Former Cardinals manager Tony La Russa, left, before a baseball game between the Tampa Bay Rays and the Boston Red Sox Friday, April 19, 2019, in St. Petersburg, Fla. (AP Photo/Chris O'Meara)

Given the frenzy surrounding sign-stealing in Major League Baseball lately, it shouldn't surprise many that new stories alleging old infractions would come out of the woodwork and make their way into public conversation. What might surprise some is the connection the St. Louis Cardinals share with the latest allegation.

Take a deep breath, though, Cardinals fans. To date, no nefarious schemes have been suggested involving your team. However, a notable figure in Cardinals history was certainly placed under scrutiny Friday by former MLB pitcher Jack McDowell.

McDowell, a former Cy Young Award winner who pitched for the White Sox, Yankees, Indians and Angels during his 12-year MLB career, is in the news Friday for what he said about Tony La Russa during a recent radio interview with WFNZ in Charlotte.

During the interview, McDowell discussed a sign-stealing system that was allegedly in place during his time with the White Sox, and named the former Cardinals manager as the person who spearheaded the creation of the system. 

"We had a system in old Comiskey Park in the late 1980s," McDowell said. "Gatorade sign out in right-center had a light, there was a toggle switch in the manager's office and a camera zoomed in on the catcher. Okay? I'm gonna whistle blow this now because I'm getting tired of this crap.

"There was that, Tony La Russa is the one who put it in. He was also the head of the first team of all the people doing steroids. Yet, he's still in the game making half a million, you know? No one is going to go after that. It's just, this stuff is getting old where they target certain guys and let other people off the hook."

McDowell, whose time with the White Sox did not begin until 1987, never played with La Russa as his manager. La Russa left his role with the White Sox in 1986, taking over as the manager of the Oakland Athletics at that time. McDowell's claims clearly suggest the sign-stealing system was designed prior to La Russa's departure (and therefore, his own arrival), but he does not elaborate on how came came to believe La Russa was responsible for its implementation. 

La Russa later responded. 

“My question is this: Was he ever on our team?” La Russa told the San Jose Mercury News. “He was never on our team.”

Later in the interview, McDowell states he had never discussed the sign-stealing system previously, with his reasoning being that the White Sox left old Comiskey Park a couple years later, in 1990, which put an end to the system involving the Gatorade sign allegedly started by La Russa.

"I've never said anything about the old system we had because once we got to new Comiskey, I didn't know if there was one or not," McDowell said. "There were rumors that we had one, but it wasn't as out there as the first one was where they forced the pitcher who was pitching the next day, had to go in there and flip on the toggle switch and stuff.

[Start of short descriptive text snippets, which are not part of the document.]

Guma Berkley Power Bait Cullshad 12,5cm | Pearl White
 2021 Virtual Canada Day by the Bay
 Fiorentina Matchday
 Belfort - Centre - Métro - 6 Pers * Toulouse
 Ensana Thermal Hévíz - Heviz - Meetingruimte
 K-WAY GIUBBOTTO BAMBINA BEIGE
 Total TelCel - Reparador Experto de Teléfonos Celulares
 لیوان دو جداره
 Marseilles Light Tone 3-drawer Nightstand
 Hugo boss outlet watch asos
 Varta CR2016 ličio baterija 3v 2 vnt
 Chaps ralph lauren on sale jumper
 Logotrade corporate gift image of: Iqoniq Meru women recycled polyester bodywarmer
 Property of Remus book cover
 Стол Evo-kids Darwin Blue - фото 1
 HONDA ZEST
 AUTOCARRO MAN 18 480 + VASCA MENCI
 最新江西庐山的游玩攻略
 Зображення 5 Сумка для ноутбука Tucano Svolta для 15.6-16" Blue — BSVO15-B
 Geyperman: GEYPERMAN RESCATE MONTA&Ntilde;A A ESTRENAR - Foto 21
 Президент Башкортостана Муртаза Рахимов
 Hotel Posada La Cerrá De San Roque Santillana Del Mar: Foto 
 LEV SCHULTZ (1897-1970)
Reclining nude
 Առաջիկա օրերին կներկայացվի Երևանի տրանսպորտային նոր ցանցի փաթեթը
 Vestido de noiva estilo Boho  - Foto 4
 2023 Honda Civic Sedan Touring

I don't know, it was crazy."

The alleged infraction occurred long before La Russa's arrival in St. Louis in 1996. La Russa retired as Cardinals manager following the 2011 World Championship season. He has since worked as an executive for the Diamondbacks, Red Sox and now the Angels.

With Boston, La Russa served as vice president and special assistant to then-president of baseball operations Dave Dombrowski from 2017 until Dombrowski's departure from the organization during the 2019 season. The Red Sox have been accused of a sign-stealing operation during the 2018 season, for which La Russa was still employed by the team.

The chief culprit in that affair is believed to have been then-manager Alex Cora, whose role in that scheme--and the one involving his time as bench coach of the 2017 Astros--has him in hot water with MLB this winter. Cora was fired from his manager role with the Red Sox Tuesday and still awaits word on an official punishment following MLB's investigation into the matters.